EXERCISE:
For the data below, please report each line where the word "Jeep" is found.

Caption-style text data

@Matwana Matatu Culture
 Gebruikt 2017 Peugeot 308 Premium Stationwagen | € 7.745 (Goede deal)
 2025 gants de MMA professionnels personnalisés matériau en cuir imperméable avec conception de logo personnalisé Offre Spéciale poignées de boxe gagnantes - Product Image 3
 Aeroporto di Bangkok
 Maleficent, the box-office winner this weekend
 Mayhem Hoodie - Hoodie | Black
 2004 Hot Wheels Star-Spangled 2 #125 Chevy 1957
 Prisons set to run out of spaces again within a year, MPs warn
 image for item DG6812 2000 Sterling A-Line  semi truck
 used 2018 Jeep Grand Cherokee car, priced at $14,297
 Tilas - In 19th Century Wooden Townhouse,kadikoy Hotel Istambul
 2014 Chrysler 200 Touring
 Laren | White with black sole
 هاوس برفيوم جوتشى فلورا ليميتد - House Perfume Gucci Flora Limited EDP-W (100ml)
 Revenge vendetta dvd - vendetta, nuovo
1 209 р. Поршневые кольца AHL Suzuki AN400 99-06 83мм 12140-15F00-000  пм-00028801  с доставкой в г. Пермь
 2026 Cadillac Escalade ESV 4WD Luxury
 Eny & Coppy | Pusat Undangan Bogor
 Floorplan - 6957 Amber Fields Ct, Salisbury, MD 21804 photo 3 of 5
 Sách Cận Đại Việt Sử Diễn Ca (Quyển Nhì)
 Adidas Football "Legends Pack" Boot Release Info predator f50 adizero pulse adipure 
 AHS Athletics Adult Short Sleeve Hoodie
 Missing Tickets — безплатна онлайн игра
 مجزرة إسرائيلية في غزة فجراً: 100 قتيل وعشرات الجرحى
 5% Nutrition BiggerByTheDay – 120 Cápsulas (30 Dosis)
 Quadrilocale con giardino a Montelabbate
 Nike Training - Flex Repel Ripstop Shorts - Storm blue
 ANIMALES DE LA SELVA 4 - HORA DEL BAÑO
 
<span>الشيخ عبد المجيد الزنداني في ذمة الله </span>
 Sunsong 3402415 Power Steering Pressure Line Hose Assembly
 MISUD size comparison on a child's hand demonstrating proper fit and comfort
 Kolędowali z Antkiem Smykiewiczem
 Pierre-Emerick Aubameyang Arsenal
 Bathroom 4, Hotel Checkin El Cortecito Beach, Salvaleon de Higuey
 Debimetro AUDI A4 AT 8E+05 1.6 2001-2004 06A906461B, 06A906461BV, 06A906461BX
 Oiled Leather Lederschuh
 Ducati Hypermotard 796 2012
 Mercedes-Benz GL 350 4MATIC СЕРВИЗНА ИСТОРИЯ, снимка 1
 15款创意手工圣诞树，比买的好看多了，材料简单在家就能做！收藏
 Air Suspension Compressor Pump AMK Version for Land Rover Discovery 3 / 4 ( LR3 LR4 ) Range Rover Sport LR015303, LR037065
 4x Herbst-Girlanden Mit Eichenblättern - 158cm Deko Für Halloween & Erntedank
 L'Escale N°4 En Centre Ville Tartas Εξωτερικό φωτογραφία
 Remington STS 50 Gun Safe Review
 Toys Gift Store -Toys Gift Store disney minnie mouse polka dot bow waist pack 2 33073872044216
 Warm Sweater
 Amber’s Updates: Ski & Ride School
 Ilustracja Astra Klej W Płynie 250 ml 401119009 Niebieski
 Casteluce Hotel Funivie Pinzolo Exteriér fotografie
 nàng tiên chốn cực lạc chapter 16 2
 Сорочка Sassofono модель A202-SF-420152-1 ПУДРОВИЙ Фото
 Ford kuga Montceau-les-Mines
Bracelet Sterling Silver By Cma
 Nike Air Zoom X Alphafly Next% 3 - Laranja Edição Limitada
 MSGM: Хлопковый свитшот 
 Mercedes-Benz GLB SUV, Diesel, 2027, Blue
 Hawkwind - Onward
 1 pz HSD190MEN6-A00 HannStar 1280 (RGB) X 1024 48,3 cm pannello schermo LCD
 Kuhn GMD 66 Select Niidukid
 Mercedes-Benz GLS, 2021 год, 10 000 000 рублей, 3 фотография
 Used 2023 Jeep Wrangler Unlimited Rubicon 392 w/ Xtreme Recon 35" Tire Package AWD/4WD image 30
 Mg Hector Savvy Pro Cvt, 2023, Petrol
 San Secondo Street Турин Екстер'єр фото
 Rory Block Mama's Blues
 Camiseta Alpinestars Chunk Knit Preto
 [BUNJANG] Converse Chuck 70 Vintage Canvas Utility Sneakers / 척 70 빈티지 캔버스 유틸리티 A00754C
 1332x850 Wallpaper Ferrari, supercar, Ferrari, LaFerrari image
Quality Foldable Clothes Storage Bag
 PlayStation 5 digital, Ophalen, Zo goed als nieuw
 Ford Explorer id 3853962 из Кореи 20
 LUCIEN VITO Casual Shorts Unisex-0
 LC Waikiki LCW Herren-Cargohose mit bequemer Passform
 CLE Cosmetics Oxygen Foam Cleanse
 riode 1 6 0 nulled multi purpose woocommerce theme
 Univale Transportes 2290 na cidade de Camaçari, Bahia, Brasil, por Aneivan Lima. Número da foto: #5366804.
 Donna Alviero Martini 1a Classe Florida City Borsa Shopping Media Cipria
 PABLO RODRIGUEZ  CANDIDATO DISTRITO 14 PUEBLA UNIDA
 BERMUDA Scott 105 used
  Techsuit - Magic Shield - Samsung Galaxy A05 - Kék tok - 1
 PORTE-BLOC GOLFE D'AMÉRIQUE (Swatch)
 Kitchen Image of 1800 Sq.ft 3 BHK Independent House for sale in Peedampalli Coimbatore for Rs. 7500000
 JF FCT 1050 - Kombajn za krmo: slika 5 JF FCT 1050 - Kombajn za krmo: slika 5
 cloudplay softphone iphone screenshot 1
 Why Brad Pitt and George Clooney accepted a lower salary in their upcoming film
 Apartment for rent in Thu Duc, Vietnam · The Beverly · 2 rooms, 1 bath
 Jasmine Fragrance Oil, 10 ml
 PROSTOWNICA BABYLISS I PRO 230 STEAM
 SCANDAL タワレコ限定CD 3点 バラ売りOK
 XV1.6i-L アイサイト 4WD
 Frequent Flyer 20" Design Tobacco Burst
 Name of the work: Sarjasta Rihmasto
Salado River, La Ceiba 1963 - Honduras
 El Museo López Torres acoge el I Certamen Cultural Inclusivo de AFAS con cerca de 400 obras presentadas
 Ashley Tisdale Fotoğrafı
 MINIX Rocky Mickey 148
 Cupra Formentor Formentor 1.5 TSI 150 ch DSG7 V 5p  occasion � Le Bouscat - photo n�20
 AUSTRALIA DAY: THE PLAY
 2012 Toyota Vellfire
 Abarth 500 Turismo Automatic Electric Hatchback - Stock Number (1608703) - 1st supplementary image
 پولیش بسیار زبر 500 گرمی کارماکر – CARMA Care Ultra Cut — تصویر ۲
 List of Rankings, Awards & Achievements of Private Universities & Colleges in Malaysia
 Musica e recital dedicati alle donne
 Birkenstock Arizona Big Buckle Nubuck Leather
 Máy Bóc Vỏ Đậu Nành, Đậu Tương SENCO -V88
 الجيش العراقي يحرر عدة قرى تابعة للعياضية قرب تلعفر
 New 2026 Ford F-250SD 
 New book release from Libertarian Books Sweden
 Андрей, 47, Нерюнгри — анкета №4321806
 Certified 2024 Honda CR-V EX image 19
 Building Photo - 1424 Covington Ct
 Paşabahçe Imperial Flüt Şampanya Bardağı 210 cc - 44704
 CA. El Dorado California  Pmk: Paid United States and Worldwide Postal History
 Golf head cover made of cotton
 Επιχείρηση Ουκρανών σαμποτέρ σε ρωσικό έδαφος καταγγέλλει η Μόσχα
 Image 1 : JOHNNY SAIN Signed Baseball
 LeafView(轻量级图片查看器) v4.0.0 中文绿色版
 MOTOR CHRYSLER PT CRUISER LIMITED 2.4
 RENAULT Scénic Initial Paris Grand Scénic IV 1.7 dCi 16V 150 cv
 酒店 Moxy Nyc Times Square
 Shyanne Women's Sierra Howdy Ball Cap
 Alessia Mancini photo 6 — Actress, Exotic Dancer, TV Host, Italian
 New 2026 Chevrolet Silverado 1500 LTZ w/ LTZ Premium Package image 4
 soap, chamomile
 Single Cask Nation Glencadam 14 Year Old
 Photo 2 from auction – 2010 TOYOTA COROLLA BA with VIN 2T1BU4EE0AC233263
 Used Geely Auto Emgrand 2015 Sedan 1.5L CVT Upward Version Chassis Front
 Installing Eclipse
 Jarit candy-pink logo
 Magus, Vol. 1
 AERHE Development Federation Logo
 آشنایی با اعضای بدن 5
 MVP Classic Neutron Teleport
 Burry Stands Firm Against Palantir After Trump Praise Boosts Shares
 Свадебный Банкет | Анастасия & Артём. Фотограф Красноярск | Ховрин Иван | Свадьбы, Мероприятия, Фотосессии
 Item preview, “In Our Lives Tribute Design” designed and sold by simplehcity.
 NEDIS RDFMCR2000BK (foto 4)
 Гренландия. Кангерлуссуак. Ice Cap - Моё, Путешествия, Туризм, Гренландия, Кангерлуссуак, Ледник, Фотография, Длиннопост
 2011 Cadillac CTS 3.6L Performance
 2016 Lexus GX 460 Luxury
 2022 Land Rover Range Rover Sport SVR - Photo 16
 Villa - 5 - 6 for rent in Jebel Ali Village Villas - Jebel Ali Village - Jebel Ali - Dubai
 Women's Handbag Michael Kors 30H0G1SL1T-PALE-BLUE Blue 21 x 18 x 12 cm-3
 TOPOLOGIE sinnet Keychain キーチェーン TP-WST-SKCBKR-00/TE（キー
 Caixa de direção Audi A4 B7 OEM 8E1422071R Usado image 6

ANSWER FOR THE TASK:
 used 2018 Jeep Grand Cherokee car, priced at $14,297
 Used 2023 Jeep Wrangler Unlimited Rubicon 392 w/ Xtreme Recon 35" Tire Package AWD/4WD image 30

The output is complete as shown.